On Labor Day weekend, Mainers’ thoughts inevitably turn to what is equally inevitably drawing closer with each page that is turned on the calendar.

That is, of course, winter.

True, we have lots of bright (though mostly cooler) days and (increasingly crisp) nights to look forward to before then.

Still, the daylight shrinks imperceptibly day by day, until we find ourselves thinking, “Gee, it’s getting dark already?”

Then the first golden or crimson leaf appears (don’t look, but some have turned already) and the reality of autumn will be upon us, in all its glory. But we know it will speed by like a thoroughbred pounding down to the wire, and we will be in November. Again.

And if November comes, December is right on its heels.

With all that in mind, the good folks at the Farmers’ Almanac in Lewiston have released their annual forecast for how much snow and cold (we’re sorry to use four-letter words) we will see as this year dwindles away and the new one knocks on the front door for admittance.

So, what does the almanac (not to be confused with its rival, the Granite State’s Old Farmer’s Almanac) say about the coming winter?

This may be a shock, but Caleb Weatherwise, the Almanac’s pseudonymous predictor, says it will be cold. Oh, and there will be snow.
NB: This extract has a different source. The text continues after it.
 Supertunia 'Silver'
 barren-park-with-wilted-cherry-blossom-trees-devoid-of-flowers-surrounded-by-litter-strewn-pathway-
In fact, the Great Lakes and the Northeast can expect more of both this year than last.

Of course, last winter was fairly mild, as Maine winters go, and these things do go in cycles.

So, it’s time to get the snowblowers serviced and haul the sweaters out of mothballs. What, you say, it’s too early to worry about all that yet?

Your optimism always was one of your most endearing qualities.